Problem to work on :: Apart from the images, the entire listing below must be restated word for word.

Data shown ::
* * *
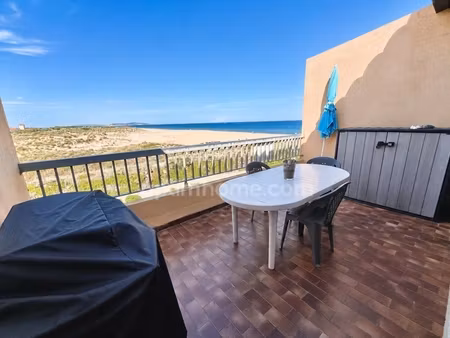 appartement rénové avec terrasse panoramique vue mer et sète - marseillan (34)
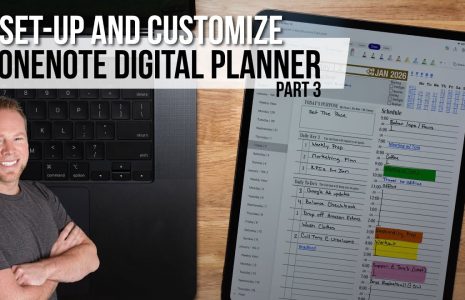 how to customize your onenote planner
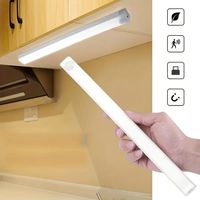 Wireless LED Motion Sensing Light Strip USB Rechargeable Magnetic Night Light Can Be Used for Kitchen Cabinets Corridors Stairs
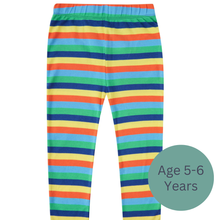 Load image into Gallery viewer, Piccalilly Leggings - Rainbow Stripe 5-6 Years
* * *
Output for this exercise ::
 appartement rénové avec terrasse panoramique vue mer et sète - marseillan (34)
 how to customize your onenote planner
 Wireless LED Motion Sensing Light Strip USB Rechargeable Magnetic Night Light Can Be Used for Kitchen Cabinets Corridors Stairs
 Load image into Gallery viewer, Piccalilly Leggings - Rainbow Stripe 5-6 Years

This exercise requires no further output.